Teachers get to know things they will not repeat because they know it can bounce back on them. I published a piece about bad behaviour, and the foul atmospheres that can grow in local classrooms, in the Bangkok French magazine Gavroche (February 2010). It was not appreciated by the then ambassador and I certainly would not be offered another job by any administrator who has read it.
Several schools have had had issues involving the use of “substances”. But chancy activities should not be too difficult to pinpoint when you know your teenager frequents “entertainment venues” in Bangkok and does not come in until past midnight. The opportunities are there and teenage culture will not simply breeze past them. “Just say no” is an option that is a matter of free choice for anybody.

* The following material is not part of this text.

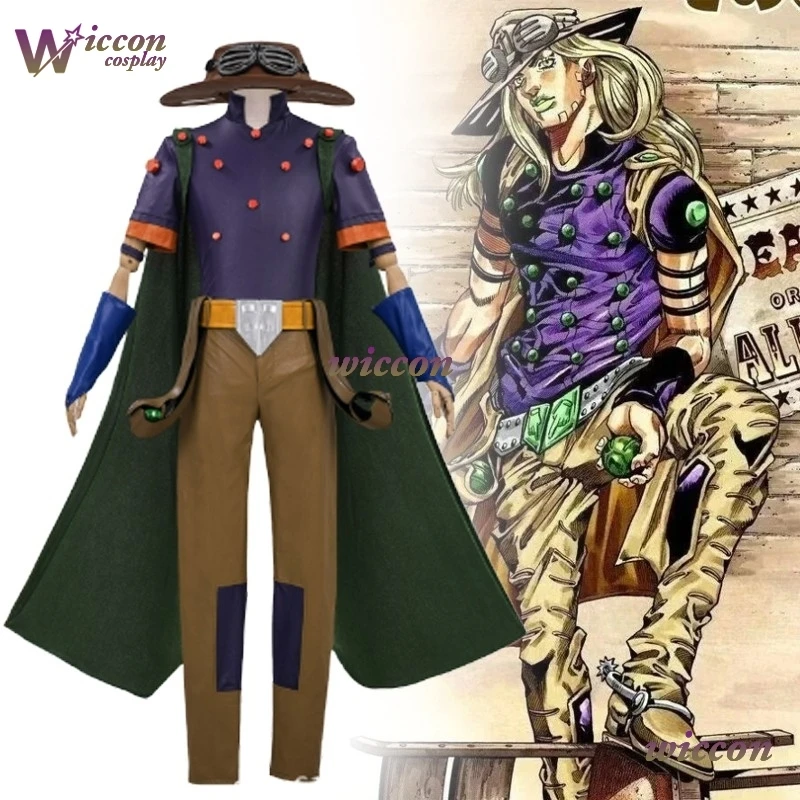 

STEEL RUN Master Gyro Zeppli Cosplay Costume BALL Full Set With Hat Cloak JoJo's For Halloween Cosplay Costume Bizaarre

The websites are not going to tell you this. Even worse, most parents do not want to discuss with others when they suspect their child is involved in less-than-legal activities. An atmosphere of “Don’t ask don’t tell” descends on the whole affair. A consequence of this is things will continue much as they are.
Nor do the schools mention a small minority of students who get “passed on” from one school to another. What have these students done? Ask around. Before you enrol your child in an international school – an expensive and risky undertaking in any circumstances – make sure you enquire in your local community about what is going on there. Most of the schools have very committed and hard-working teachers. The syllabuses these days make a first rate education and we get good pass rates in the international exams. Many students are indeed “talented and motivated”. But teachers can do little about seriously culpable activities, and the squalls of abhorrent behaviour, in or out of the classroom. We belong to a powerless peer group that is silenced by job security and the marketing hype that administrators will continue to broadcast without conscience.
Will administrators contribute anything to the less savoury stories that circulate? I doubt it. And, let’s face it -running an international school is a business.
John Wilson taught English Literature in a Bangkok international school in the 2000s.